The optical diffraction device 100 disperses incident light into light components having multiple wavelengths included in the light thereof. The focusing lens 200 refracts the respective incident light components and focuses these upon the light receiving surface of the light receiving means 300. The light receiving means 300 detect, based on the incident position of the light receiving surface of each light component, the wavelength of the light component thereof. With the configuration example in FIG. 1, light components 40 focused from the focusing lens 200 (FIG. 1 illustrates the optical paths of three light components) are configured so as to temporally change the directions thereof at a reflection mirror 390 to perpendicularly enter the light receiving surface of the light receiving means 300. Here, the example shows a case of employing a PLC (Planner Lightwave Circuit) type spectral element serving as the optical diffraction device 100, and a PD (Photo Diode) array serving as the light receiving means 300.
With the configuration such as FIG. 1, when temperature changes, along with the thermal expansion of the board, the distance between the optical diffraction device 100, the focusing lens 200, and the light receiving means 300, and the focal length of the focusing lens 200 change, and along therewith, the incident positions of the light components focused on the light receiving surface of the light receiving means change, so it is necessary to correct the change thereof.

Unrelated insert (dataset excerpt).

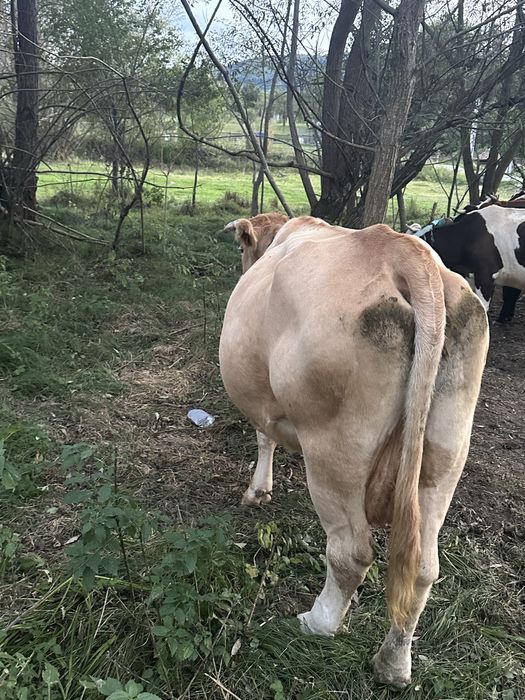 Vand vaca de 8 ani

As for a technology for correcting influence due to such temperature change, with an optical pickup, laser collimator apparatus, and so forth, a technology has been disclosed wherein the focal length change due to temperature is cancelled out by thermal expansion such as the casing of an optical part. Japanese Unexamined Patent Application Publication No. 63-264716 discloses a projection lens for compensating the change of the focal position due to temperature change, Japanese Unexamined Patent Application Publication No. 1-220234 discloses a technology for compensating the focal length change along with the temperature change of a collimator lens, and the relative position change between a light source and the collimator lens due to use of a compensating member, Japanese Unexamined Patent Application Publication No. 10-133087 discloses a technology for compensating the temperature change of the focal position of an optical system, Japanese Unexamined Patent Application Publication No. 2004-281033 discloses a technology for suppressing the amount of astigmatism due to the temperature change, and Japanese Unexamined Patent Application Publication No. 11-64757 discloses a technology for canceling out the change of the focal length due to temperature change.

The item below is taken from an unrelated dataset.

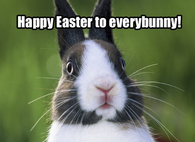 Happy Easter to everybunny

As described above, with the conventional technologies, correction is made regarding the change caused by the expansion of the board material due to temperature change, and the focal length change of the focusing lens, but the expansion due to the temperature change of a PD array member for detecting light components is not taken into consideration. The conventional correction methods select a material for conforming the lens focal length change due to temperature, and the amount of change due to thermal expansion of the material of the board for fixing between the diffraction device and the focusing lens, and between the focusing lens and the PD array, or a material for approximating the lens focal length change to zero as much as possible, and also approximating the thermal expansion of the member to zero as much as possible. However, the thermal expansion of the PD array itself is not taken into consideration, and accordingly it has been difficult to completely suppress the identification errors of the optical wavelength due to temperature change.
With optical wavelength measurement, an optical wavelength selection switch, and so forth in an optical transmission network, high-precision wavelength identification is demanded, and a higher-precision wavelength identification method for also taking the expansion of the member itself making up the PD array into consideration is demanded.